Two Years Later, I Finally Saw Useful Software Testing

11 min readFeb 14, 2018

We’ve all heard these buzzwords flying through the office — Automation! Tests! Robustness! And some of you may have read a book or two on testing written by pompous authors who love nothing more than their own metaphors, cleverness, and theories. Almost everyone, I’m willing to bet, has written some tests and seen no useful benefit come of it. Somehow, for all this talk about testing, it always seems to fall short.

After two years of being a test engineer, looking at one team’s test suite taught me 10x more about testing than anything before it. I’m writing my experience because I don’t want anyone to suffer another horrible book on testing software and endure more cringe-worthy metaphors. I also want to share how all this talk about testing actually becomes something tangible and useful to provide a ton of real life benefits — some obvious ones like fewer bugs, time and money spent more wisely (duh), but some more surprising and specific ones as well.

Controlling code quality over time is hard because so many things change. Programming always starts off innocently. You sit down, refreshed and passionate, to write a function that reverses a word. It reminds you of a simpler time. You’re happy. Three weeks and five product meetings later, the reverse function can also render the fourth dimension in 3D in real time and future time and past time. It’s also been worked on by four interns, a new hire, and the company mascot, none of whom fully understand what this function was originally supposed to do. And it’s broken. It works as reliably as the Millennium Falcon’s hyperdrive.

Exaggeration aside, you’ve probably seen code complexity bloat before. No matter how hard you try to pretend it won’t happen, a year of, “Oh, can you just add…” doubles a codebase in size and quadruples it in complexity. If you have several years of experience, you’ve probably tried to stop the inevitable from happening. A few years beyond that and you realize that it’s unavoidable, but over the course of several failures and slow improvements, it’s more manageable.

I’ve seen one team stay in complete control in an exceptionally turbulent environment. For those of you still improving how you build software and avoiding the inevitable landslide of bloating complexity and unforeseen change (everyone), I hope my experience at Microsoft can be an inspiration that slingshots you a couple iterations ahead.

Working on the Hololens — an augmented reality headset that lets you see holograms around you — was chaos. Roughly 10 teams were given a Hololens and told to make cool applications that demonstrated what this technology could do because nobody, not even those teams, knew. Every application was completely different since they were supposed to show the diversity of the new technology. From games to tourism to construction, every programmer was a pioneer. We were the ones inventing how to build mixed reality applications. We invented the best design practices and the tools that future programmers would develop with. I was part of a team making the tools that future programmers would test and automate with.

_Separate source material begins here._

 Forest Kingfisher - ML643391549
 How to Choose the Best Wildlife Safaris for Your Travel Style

With grand discoveries being made on a weekly basis, sharing information and new technology between teams was important, and incredibly challenging. For this, we had a Central team — a team dedicated to owning and managing our internally open sourced code. Each application team had a few test and automation engineers, like me, who built tools for the application team’s specific needs. When we made something for our team that happened to be useful, we would submit it to the Central team to standardize it and share with everyone else.

In other words, dozens of programmers were hurling code at the Central team with almost no idea what the Central team, or any other team, was doing. The Central team had the privilege of managing all of these contributions by duct taping them together and sharing them with everyone — bug free. The Central team only had 4 people.

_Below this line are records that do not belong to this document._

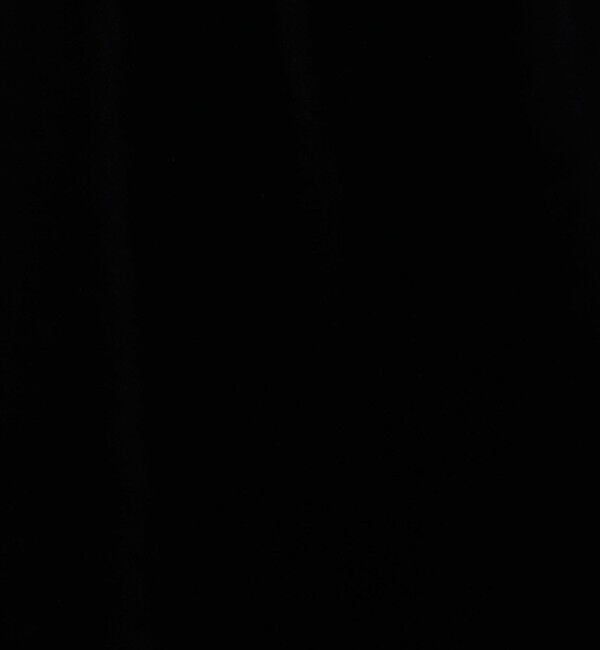 Ballsey「マットベロア イージーストレートパンツ」|その他|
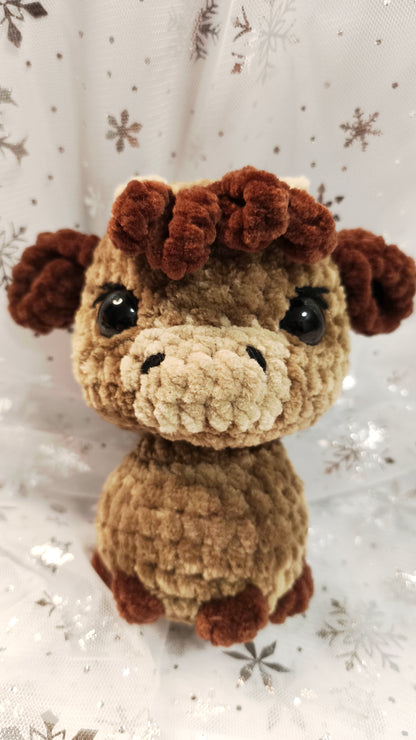 🐮❄️ Highland-Kuh „Ealga“ | Braun DarkBraun | Irische Winterzeit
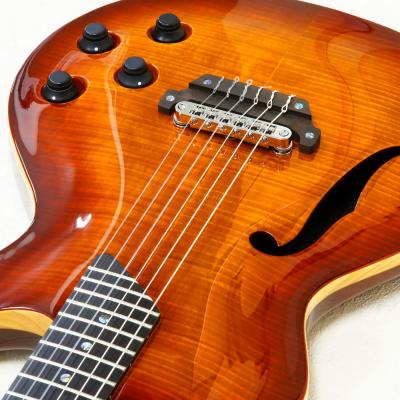 MD-MM Produce SE-01 F AVC エレクトリッククラシックギター ボディ
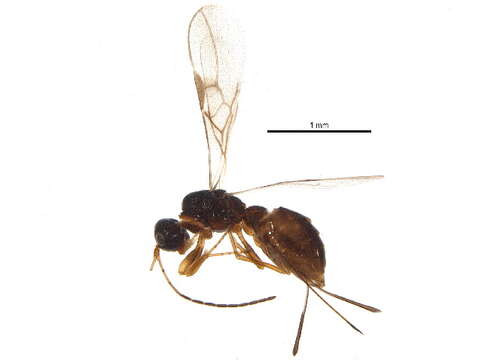 Image of Ecphylus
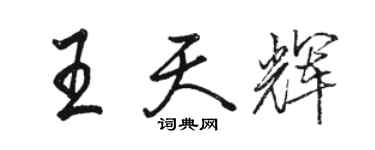 駱恆光王天輝行書個性簽名怎么寫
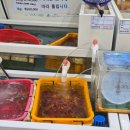 울릉푸른나무 이미지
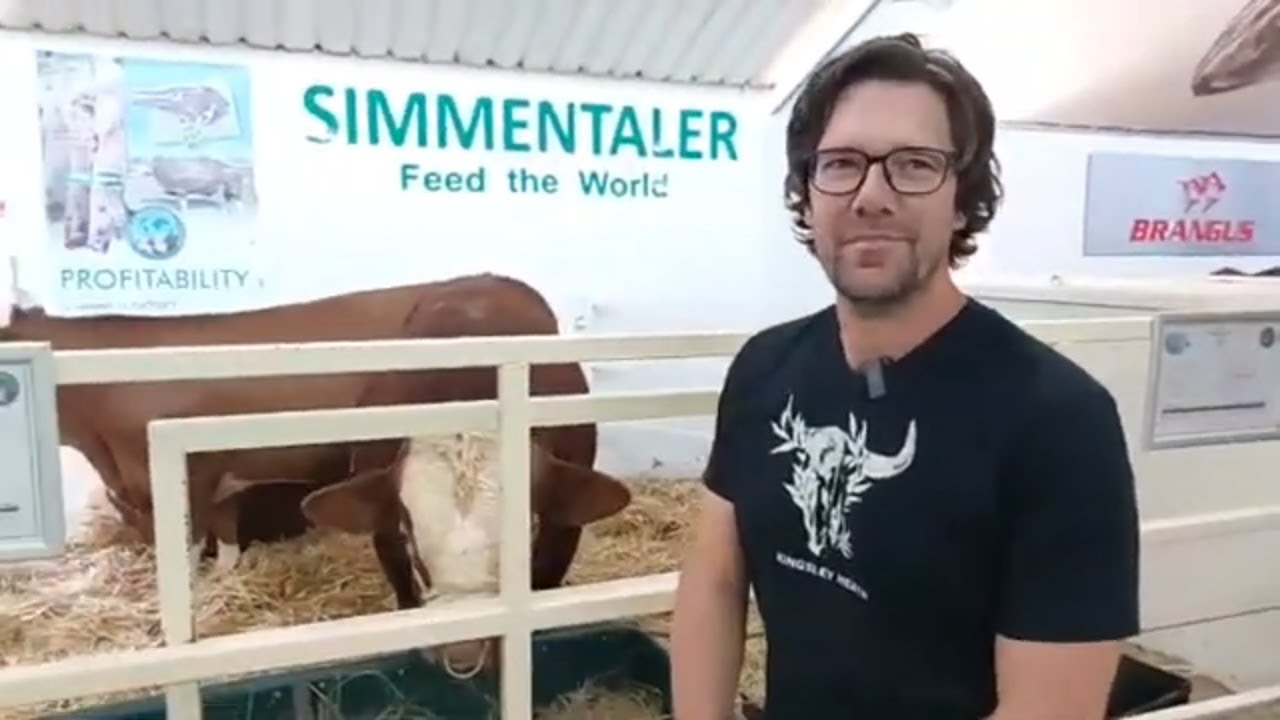 Gert, visepresident van die Simmentaler SA genootskap, oor die diere wat hulle by NAMPO 2024 het.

Thanks to the Central team, a year of development went smoothly. Every team was able to contribute to our toolset easily, including new hires. In the end, we had a production ready automation framework to ship out with the Hololens SDK for others to develop with. Had they failed, the automation and test features in the Hololens SDK may have been cut, stripped down, or too buggy to use — and flaky tools would have been the death of much needed early adoption. How did they control all that change and keep code quality high and still have time for development of their own? They wrote tests. But how? We’ve all written tests without getting the miraculously wonderful effects that they had. What did they do differently?

Secret #1 Understand What’s at Stake

The Central team understood the real world importance of testing and the consequences of cutting corners. They looked ahead at all the hypothetical changes that usually hurt teams: what happens during crunch when you need help from other people? What happens when you need to hire 5 new programmers and an intern? What happens when a senior team member leaves or gets pulled onto another project and 3 new people are hired to fill her shoes?

That’s just from a team’s perspective. What happens when the business can’t add more features to a product because of uncontrollable technical debt? What happens if the business ends up spending all of its money reacting to bugs instead of moving forward? What if fixing bugs causes more bugs and the product spirals? What if the code is so deadlocked that hiring more people only makes the problem worse? Does this sound familiar?

The Central team knew that doing the right thing early on saved immeasurable amounts of time and money, and could be the difference between a successful product, or a failed product that hurts the company’s reputation and brand.

If you’re lucky, these situations will only be hypothetical. But the Central team did lose a senior engineer and kept running smoothly without anyone noticing — not that it wasn’t a challenge. They were prepared.

There are a lot of ways to prepare for these situations: documentation, good communication, over-hiring, but all of these fell short of what tests could accomplish.

Secret #2 Understand the Goal of Tests

Tests allow the team to control their code instead of letting code control them. Are you spending more time adding features you’re passionate about or reacting to bugs and unforeseen changes? Are you often surprised by how certain functionality works or by side-effect behaviors? Take control. Become predictable and make these annoying problems go away. Spend your time working on the fun things.

Code is fragile. Any programmer can change what you’ve just written at any time. What’s scarier is that the change can easily go unnoticed. Subtle, important behaviors may be changed on accident. I’ve been the culprit before. During my first contribution with Central, I made a tiny change that I thought would be innocent. The associated test passed, but two other seemingly unrelated tests failed. I realized that I had added one piece of unintended behavior that seemed correct to me at first. Their tests allowed me to course-correct and avoid accidents without ever reaching out to them.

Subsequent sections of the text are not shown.